Excludente de ilicitude deve ser retirado de texto de Moro
 Isadora Peron

 

Após a morte da menina Ágatha Vitória Sales Félix por policiais no Rio, o chamado excludente de ilicitude deve ser retirado do relatório final do pacote anticrime que está sendo discutido por um grupo de trabalho na Câmara dos Deputados.

Até a semana passada, havia um acordo entre a oposição e partidos do Centrão para encontrar uma redação alternativa para a proposta. A ideia era que o texto fosse menos abrangente, mas garantisse “segurança jurídica” aos policiais que matassem em serviço.

O impasse deve adiar a discussão do tema, prevista para hoje, e postergar ainda mais a conclusão dos trabalhos do grupo.

Desde sexta-feira, quando Ágatha foi baleada no Complexo do Alemão, parlamentares do PT, PCdoB e Psol passaram a afirmar que não seria possível aprovar a medida.

Ontem, o deputado Orlando Silva (PCdoB-SP) defendeu que não é preciso alterar o Código Penal, porque a atual legislação já dá garantias aos policiais. “Vamos defender a supressão desse texto”, disse ao Valor.

Já nomes como deputado Lafayette de Andrada (Republicanos-MG) afirmam que, com algumas modificações, é possível manter a ideia central do texto apresentado pelo ministro da Justiça e Segurança Pública, Sergio Moro.

Até esse impasse, parlamentares da oposição e do Centrão vinham atuando em conjunto para modificar o pacote anticrime.

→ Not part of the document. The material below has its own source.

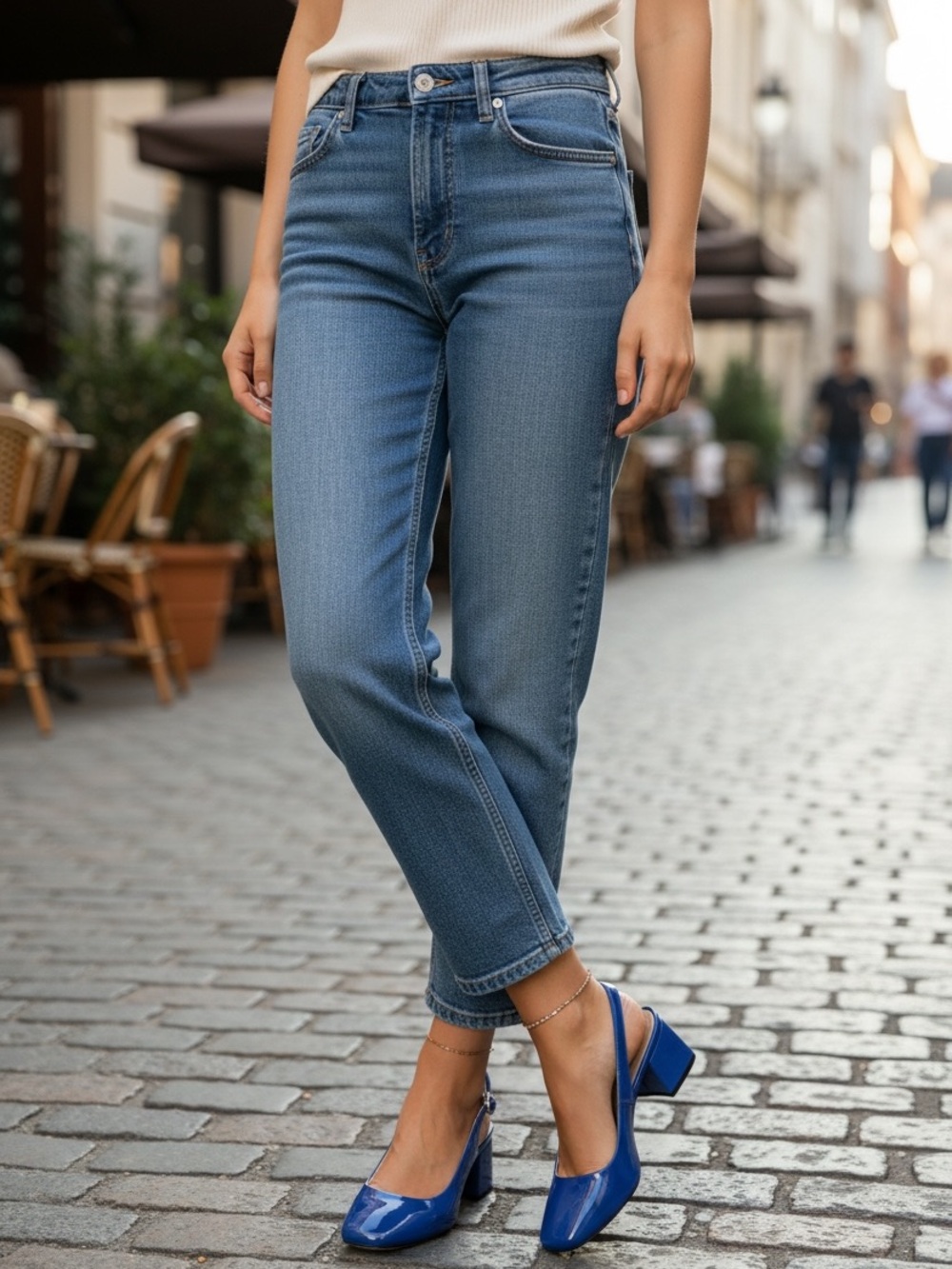 Source Unknown Blue Patent Block Heel Pumps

As decisões levaram representantes do governo Jair Bolsonaro, como a deputada Carla Zambelli (PSL-SP), a abandonar a comissão.

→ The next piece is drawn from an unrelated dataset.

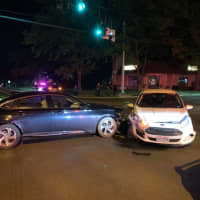 <p>Two were hospitalized after crashing in a busy Ramapo intersection.</p>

O projeto apresentado pelo ministro fala que o juiz poderá reduzir a pena até a metade ou deixar de aplicá-la se um eventual excesso “decorrer de escusável medo, surpresa ou violenta emoção”.

Também classifica como “legítima defesa” a ação do policial que matar em serviço durante “conflito armado ou em risco iminente de conflito armado” ou quando houver vítimas mantidas reféns.

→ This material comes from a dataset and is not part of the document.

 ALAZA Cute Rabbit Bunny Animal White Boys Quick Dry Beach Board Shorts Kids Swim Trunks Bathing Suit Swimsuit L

Relator do pacote anticrime, o deputado Capitão Augusto (PL-SP) classificou como “falácia” a ideia de que, se aprovada, a proposta vá beneficiar um policial como no caso de Ágatha. “Nós, falamos só da legítima defesa no caso de agressão iminente, como no caso de um policial atingir um marginal no momento em que ele estaria recarregando sua metralhadora ou fuzil”, disse.

Ontem, Moro também voltou a afirmar que o caso da menina não se enquadra na proposta. “A proposição que nós colocamos dentro do projeto anticrime diz respeito à legítima defesa, quando existe um cidadão ou um policial, num enfrentamento de um criminosa, e evidentemente não é o que ocorre em relação à criança”, afirmou após uma agenda em Goiânia.

“Respeitamos as opiniões contrárias, o que Parlamento decidir, evidentemente o Executivo respeita, mas o fato é que a situação não se aplica”, disse.

O ministro também afirmou que o governo nunca pretendeu, com a proposta, incentivar situações de confronto policial. “Confronto policial tem que ser evitado ao máximo. Agora, eventualmente, ele pode acontecer, e deve ser regulado.”